Task item
Write out the records below from the first line through the line containing "Next we will", leaving out any pictures.

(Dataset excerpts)
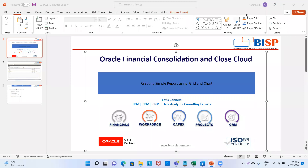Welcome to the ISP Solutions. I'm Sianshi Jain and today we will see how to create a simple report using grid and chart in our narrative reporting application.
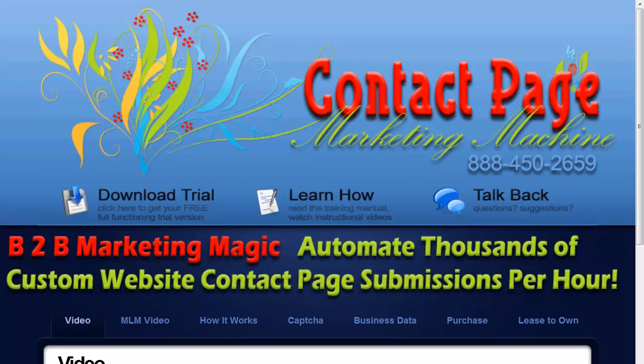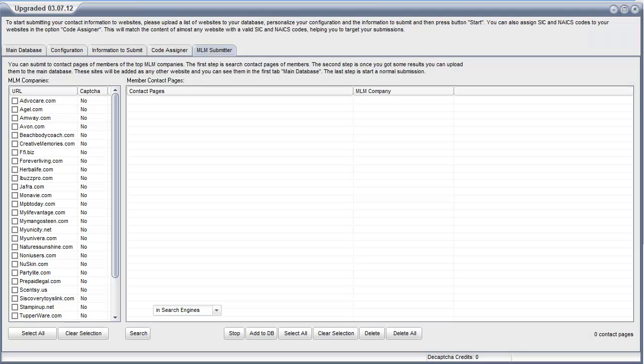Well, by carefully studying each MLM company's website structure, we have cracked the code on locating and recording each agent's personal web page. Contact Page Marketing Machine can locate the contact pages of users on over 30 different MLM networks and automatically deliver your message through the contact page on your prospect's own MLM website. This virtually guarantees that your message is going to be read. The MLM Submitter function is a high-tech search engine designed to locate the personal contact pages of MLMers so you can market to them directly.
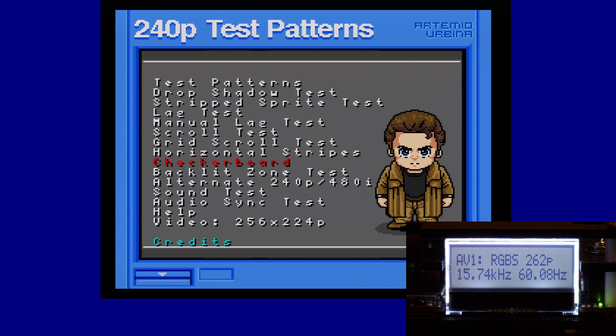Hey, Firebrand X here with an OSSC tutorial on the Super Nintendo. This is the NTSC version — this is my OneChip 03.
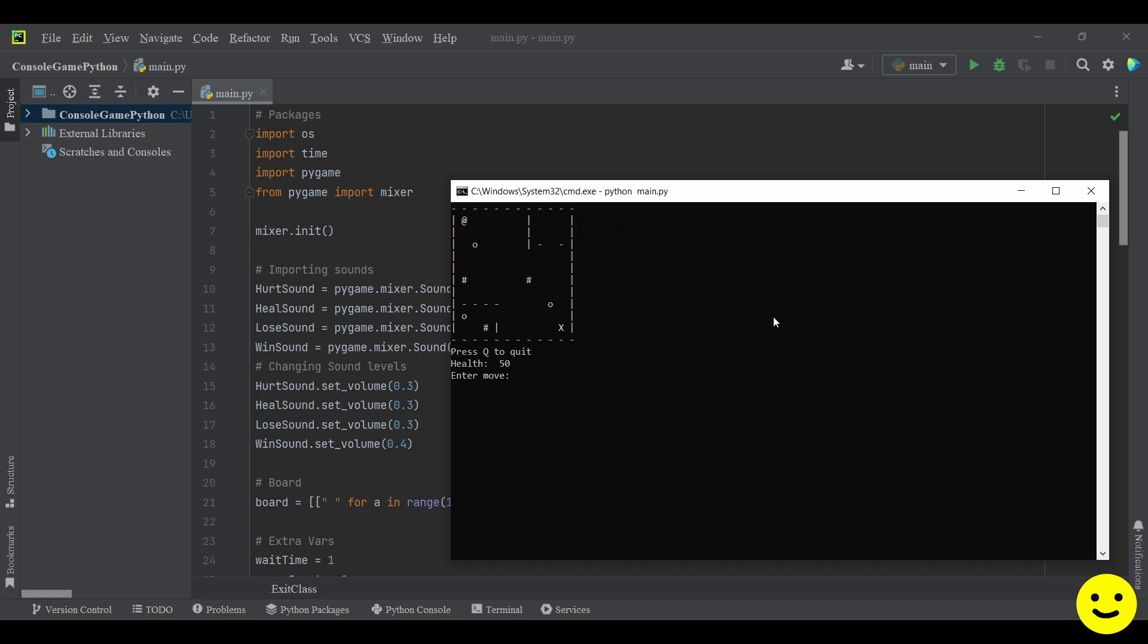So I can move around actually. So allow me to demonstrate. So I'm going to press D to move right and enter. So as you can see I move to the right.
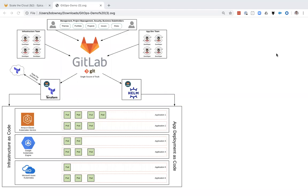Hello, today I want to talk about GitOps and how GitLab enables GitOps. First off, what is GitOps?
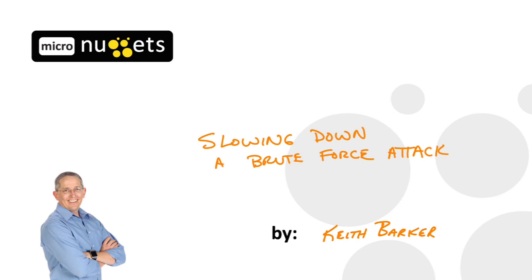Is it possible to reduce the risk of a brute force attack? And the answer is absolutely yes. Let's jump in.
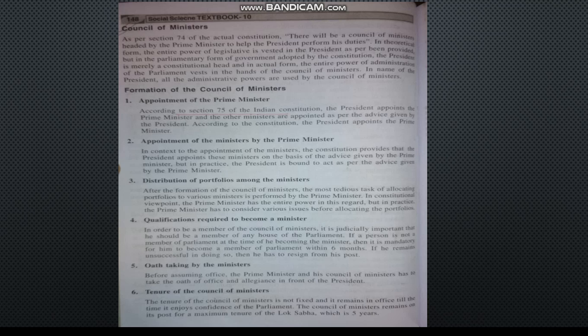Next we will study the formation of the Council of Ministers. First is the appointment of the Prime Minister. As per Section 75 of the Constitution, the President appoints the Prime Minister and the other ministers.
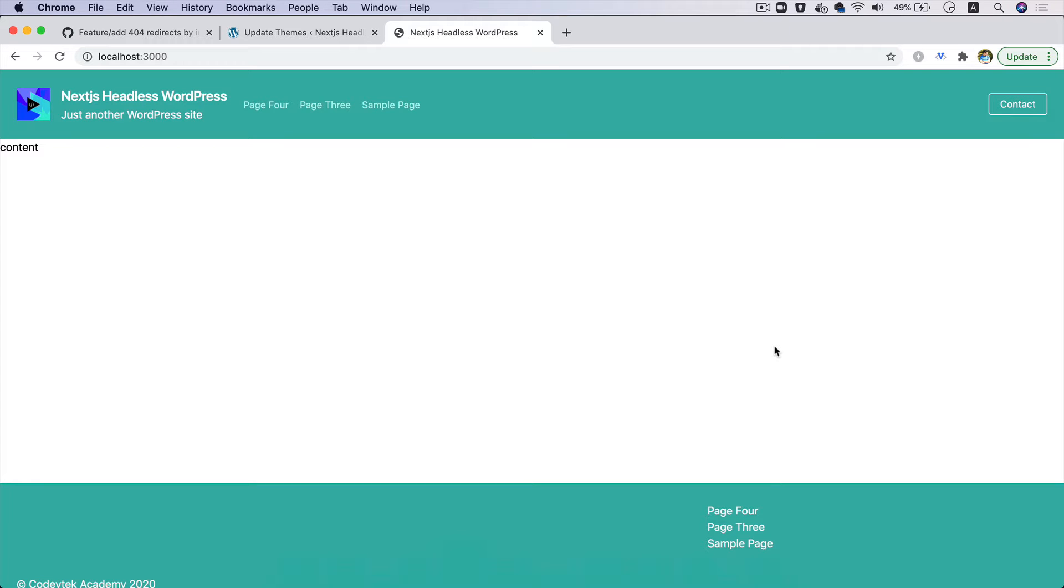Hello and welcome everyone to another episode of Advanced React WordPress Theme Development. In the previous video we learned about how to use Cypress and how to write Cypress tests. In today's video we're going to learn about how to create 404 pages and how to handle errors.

Completed task
Welcome to the ISP Solutions. I'm Sianshi Jain and today we will see how to create a simple report using grid and chart in our narrative reporting application.
Well, by carefully studying each MLM company's website structure, we have cracked the code on locating and recording each agent's personal web page. Contact Page Marketing Machine can locate the contact pages of users on over 30 different MLM networks and automatically deliver your message through the contact page on your prospect's own MLM website. This virtually guarantees that your message is going to be read. The MLM Submitter function is a high-tech search engine designed to locate the personal contact pages of MLMers so you can market to them directly.
Hey, Firebrand X here with an OSSC tutorial on the Super Nintendo. This is the NTSC version — this is my OneChip 03.
So I can move around actually. So allow me to demonstrate. So I'm going to press D to move right and enter. So as you can see I move to the right.
Hello, today I want to talk about GitOps and how GitLab enables GitOps. First off, what is GitOps?
Is it possible to reduce the risk of a brute force attack? And the answer is absolutely yes. Let's jump in.
Next we will study the formation of the Council of Ministers. First is the appointment of the Prime Minister. As per Section 75 of the Constitution, the President appoints the Prime Minister and the other ministers.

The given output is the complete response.